CHARLESTON, W.Va., July 1, 2016 /PRNewswire-USNewswire/ -- American Humane Association's renowned animal rescue team, first responders for animals in crisis for 100 years, has arrived in Charleston with two of the organization's giant 50-foot rescue vehicles to help animal victims of the historic flooding affecting the area.
The deployment of the emergency vehicles, a team of 10 trained emergency responders and a veterinarian comes at the request of the Kanawha-Charleston Humane Association, which is being hard-pressed to find a solution for a growing problem: The shelter has a capacity for 240 animals and is completely full – with more coming in each day.

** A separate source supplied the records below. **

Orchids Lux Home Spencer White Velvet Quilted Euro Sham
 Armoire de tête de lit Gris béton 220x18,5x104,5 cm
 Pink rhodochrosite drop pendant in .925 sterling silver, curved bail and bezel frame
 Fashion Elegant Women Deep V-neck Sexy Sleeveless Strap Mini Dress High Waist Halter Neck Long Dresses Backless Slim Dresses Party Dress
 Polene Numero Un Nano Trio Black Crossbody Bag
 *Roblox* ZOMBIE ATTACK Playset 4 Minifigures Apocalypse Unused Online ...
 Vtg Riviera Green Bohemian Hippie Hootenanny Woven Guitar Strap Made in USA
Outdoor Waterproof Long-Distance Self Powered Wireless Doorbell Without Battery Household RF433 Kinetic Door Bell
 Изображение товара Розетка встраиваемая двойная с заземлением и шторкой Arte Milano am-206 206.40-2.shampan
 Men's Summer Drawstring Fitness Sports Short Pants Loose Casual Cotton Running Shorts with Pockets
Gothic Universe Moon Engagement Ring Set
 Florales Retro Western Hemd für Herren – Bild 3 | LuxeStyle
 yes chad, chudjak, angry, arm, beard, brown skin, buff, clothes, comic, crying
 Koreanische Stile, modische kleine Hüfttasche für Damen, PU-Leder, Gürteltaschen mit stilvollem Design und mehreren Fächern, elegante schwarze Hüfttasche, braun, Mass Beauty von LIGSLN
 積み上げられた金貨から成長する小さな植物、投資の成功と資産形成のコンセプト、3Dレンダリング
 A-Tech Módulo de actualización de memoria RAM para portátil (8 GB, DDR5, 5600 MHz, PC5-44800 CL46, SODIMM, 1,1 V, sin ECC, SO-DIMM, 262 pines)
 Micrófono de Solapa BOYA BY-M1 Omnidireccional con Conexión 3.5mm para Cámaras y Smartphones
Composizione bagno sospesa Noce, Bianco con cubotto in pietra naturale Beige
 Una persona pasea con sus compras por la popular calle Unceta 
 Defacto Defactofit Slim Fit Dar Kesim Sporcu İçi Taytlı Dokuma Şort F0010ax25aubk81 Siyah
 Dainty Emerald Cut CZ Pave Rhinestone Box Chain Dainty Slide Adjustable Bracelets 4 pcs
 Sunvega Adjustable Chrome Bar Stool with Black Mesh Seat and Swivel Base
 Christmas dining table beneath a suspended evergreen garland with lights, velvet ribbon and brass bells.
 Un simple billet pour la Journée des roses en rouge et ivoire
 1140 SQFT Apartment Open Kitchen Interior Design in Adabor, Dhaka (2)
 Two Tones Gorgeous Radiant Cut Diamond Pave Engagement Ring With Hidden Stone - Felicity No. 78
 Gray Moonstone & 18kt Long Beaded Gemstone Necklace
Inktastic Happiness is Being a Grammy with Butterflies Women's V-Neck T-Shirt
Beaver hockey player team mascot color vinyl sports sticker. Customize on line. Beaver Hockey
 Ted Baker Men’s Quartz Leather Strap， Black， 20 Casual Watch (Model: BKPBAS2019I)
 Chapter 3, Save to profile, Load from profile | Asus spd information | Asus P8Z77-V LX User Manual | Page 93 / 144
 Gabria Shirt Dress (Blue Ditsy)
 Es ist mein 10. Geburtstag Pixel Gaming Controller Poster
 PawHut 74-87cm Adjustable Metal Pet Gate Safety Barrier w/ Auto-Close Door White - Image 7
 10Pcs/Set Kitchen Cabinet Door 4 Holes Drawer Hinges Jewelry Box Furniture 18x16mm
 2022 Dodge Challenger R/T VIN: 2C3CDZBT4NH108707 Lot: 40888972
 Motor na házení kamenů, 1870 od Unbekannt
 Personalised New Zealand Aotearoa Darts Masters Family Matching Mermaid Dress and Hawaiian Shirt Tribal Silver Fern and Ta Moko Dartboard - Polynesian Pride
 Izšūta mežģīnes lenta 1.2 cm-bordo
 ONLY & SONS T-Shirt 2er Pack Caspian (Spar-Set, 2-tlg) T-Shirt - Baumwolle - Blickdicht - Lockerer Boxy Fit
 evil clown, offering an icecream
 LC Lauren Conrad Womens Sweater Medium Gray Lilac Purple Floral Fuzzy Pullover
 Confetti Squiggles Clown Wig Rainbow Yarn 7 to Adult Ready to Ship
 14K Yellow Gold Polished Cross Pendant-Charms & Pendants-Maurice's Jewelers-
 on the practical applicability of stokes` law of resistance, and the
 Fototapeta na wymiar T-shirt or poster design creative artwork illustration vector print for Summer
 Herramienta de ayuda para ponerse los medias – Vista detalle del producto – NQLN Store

Among the critical tasks being prepared and performed as needed by the American Humane Association team are: Conducting a critical assessment of the need; setting up a mobile vet clinic to provide first aid, conduct wellness checks, and administer vaccines; distributing 1,200 pounds of food donated by American Humane Association; providing critically needed supplies, vaccines and medicines donated by leading animal health company Zoetis; and preparing to relieve overworked staff at the Kanawha-Charleston Humane Association shelter. Every attempt will be made to reunify lost animals with their owners.
"Our hearts go out to the people and animals of West Virginia," said Dr. Robin Ganzert, president and CEO of American Humane Association. "Fortunately, our animal rescue team is well-trained and well-qualified to handle this kind of emergency. Help has arrived."
About American Humane Association and its animal rescue program
American Humane Association is the country's first national humane organization, founded in 1877. Its animal rescue program was created in 1916 at the request of the U.S. Secretary of War to rescue war horses on the battlefields of World War I Europe. Since then, it has been rescuing animals of every kind and have been involved in virtually every major disaster relief effort from Pearl Harbor to 9/11, Hurricane Katrina, the Joplin, Missouri and Moore, Oklahoma tornadoes, the Japanese and Haitian earthquakes, and Superstorm Sandy. Over just the past ten years American Humane Association's rescue teams have saved, helped and sheltered more than 80,000 animals. For more information or to support rescuing animals in need, please visit www.AmericanHumane.org.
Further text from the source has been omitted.